Ask Pat Tillman. There is an entire Military Association of Atheists and Freethinkers too. And then there is me (although I wasn't ever in a foxhole, I did my combat from 30,000 feet).
The saying comes from a misconception or personal projection that great stress will cause people to retreat to something comfortable. I can personally state that in combat situations, any "thought of deities" would have resulted in me dying as opposed to actually doing the job at hand.
Austin Cline who writes numerous essays on this at about.com says a few things about this
If it isn't true that there are no atheists in foxholes and that many theists leave their foxholes as atheists, why does the above myth persist? It certainly can't be employed as an argument against atheism — even if it were true, that would not mean that atheism is unreasonable or theism valid. To suggest otherwise would be little more than an ad hominem fallacy.
Is the claim that there are no atheists in foxholes meant to imply that atheists aren't "really" nonbelievers and actually harbor a secret belief in God? Perhaps, but it is a false implication and can't be taken seriously. Is it meant to imply that atheism is inherently "weak" while theism represents "strength?" Once again, that may be the case — but it would also be a false implication.
Regardless of the actual reasons for any particular theist to claim that there are no atheists in foxholes, it simply isn't true and should be rejected before the discussion goes any further.

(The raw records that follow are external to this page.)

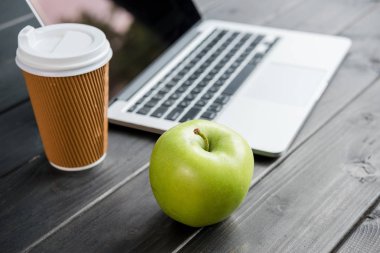 Olgun elma kahve ve ahşap masa üstünde laptop ile yakın çekim
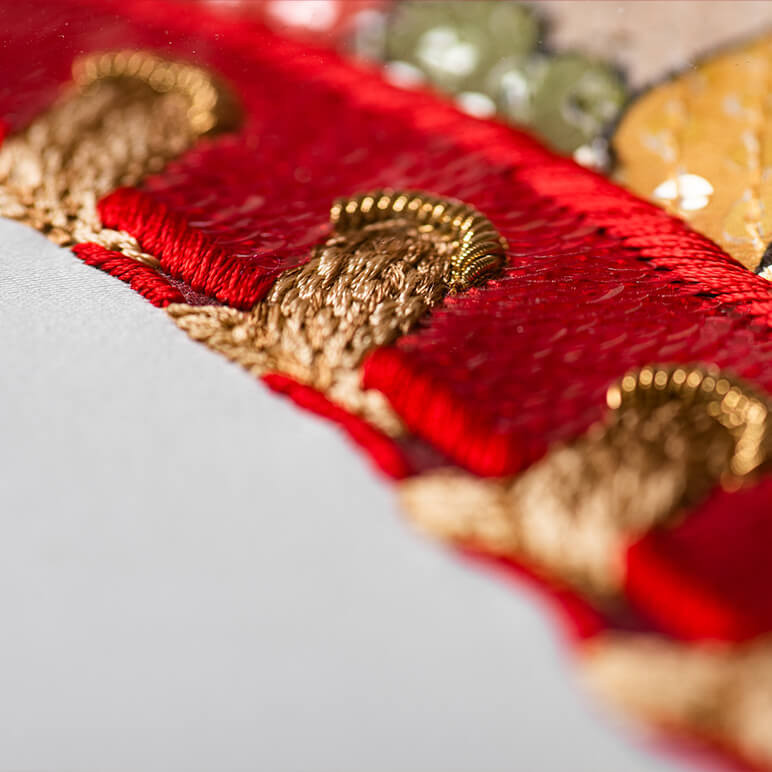 closeup view of the embroidery featuring the lace on a shoe shaped eccentric wall art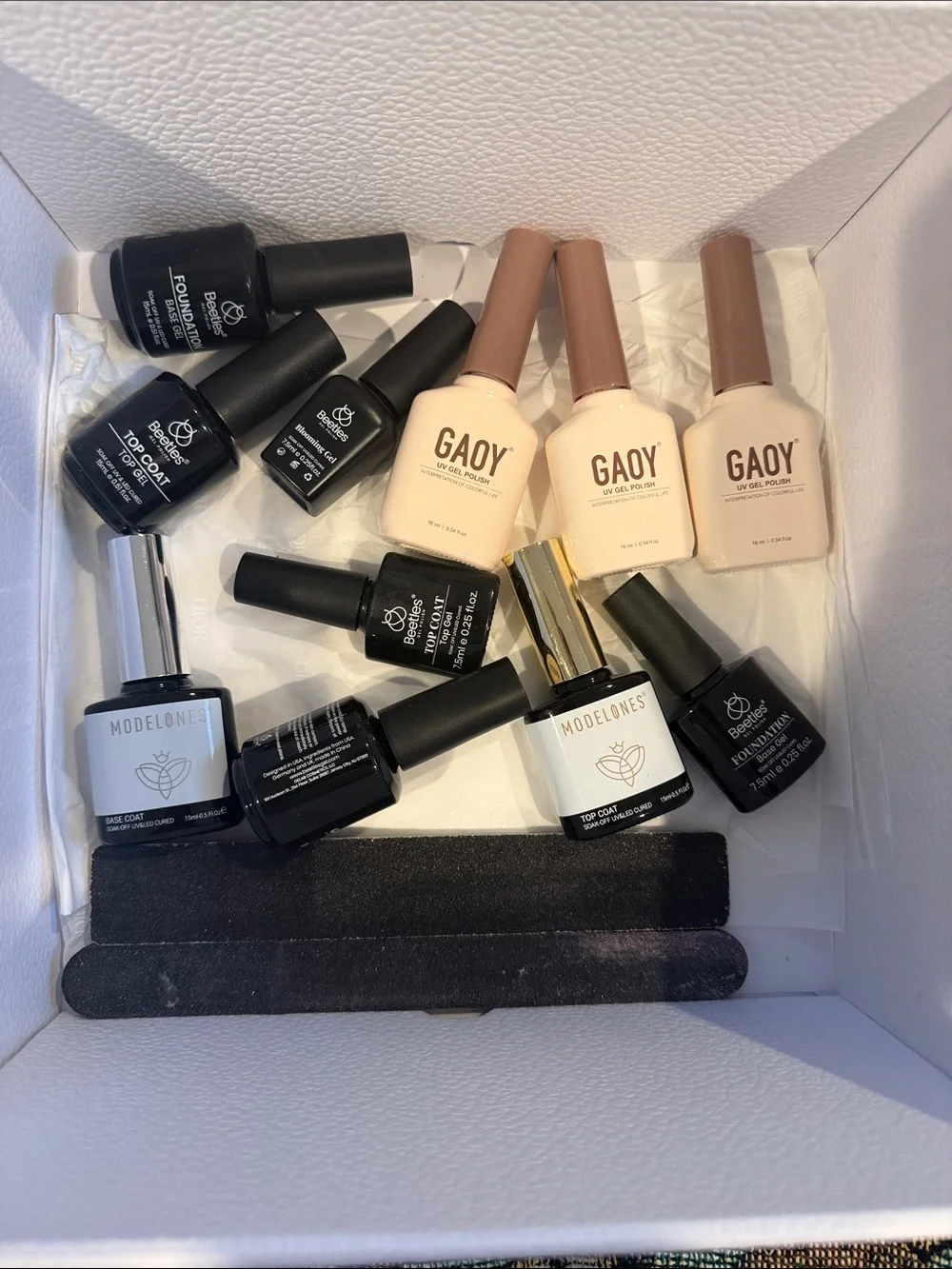 Collection of gel, nail polishes. Mostly light neutrals and dark neutrals.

I did find this paper (PDF) that has this as an abstract:
Recent research has focused on motivational bases of political ideology. It is plausible
that similar factors may drive the formation of religious ideology. Though explanations
of the existence of religious beliefs in terms of their satisfaction of psychological needs
date back centuries, limited empirical research exists linking motivated reasoning to
religious belief. I thoroughly review existing research on the role of motivation in the
formation of religious belief systems, specifically research related to the relationship
between fear of death and afterlife belief. Then I present the results of two original,
experimental studies investigating the hypothesis that fear of death leads to greater
religious belief. In Study 1, participants who were asked to write short essays about death
reported greater belief in an afterlife than did participants who wrote essays on a neutral
topic. Study 2 replicated this finding and also showed that increased fear of death leads to
greater belief in God. The results of the studies suggest that a more parsimonious
motivated reasoning account may explain the relationship between fear of death and
afterlife belief better than one based on Terror Management Theory. Taken together,
findings support the notion that some religious beliefs can be usefully explained in
That said, it does not validate the saying per se, however does show that some may be motivated by fear of death. Hopefully that is more in line with what you are looking for.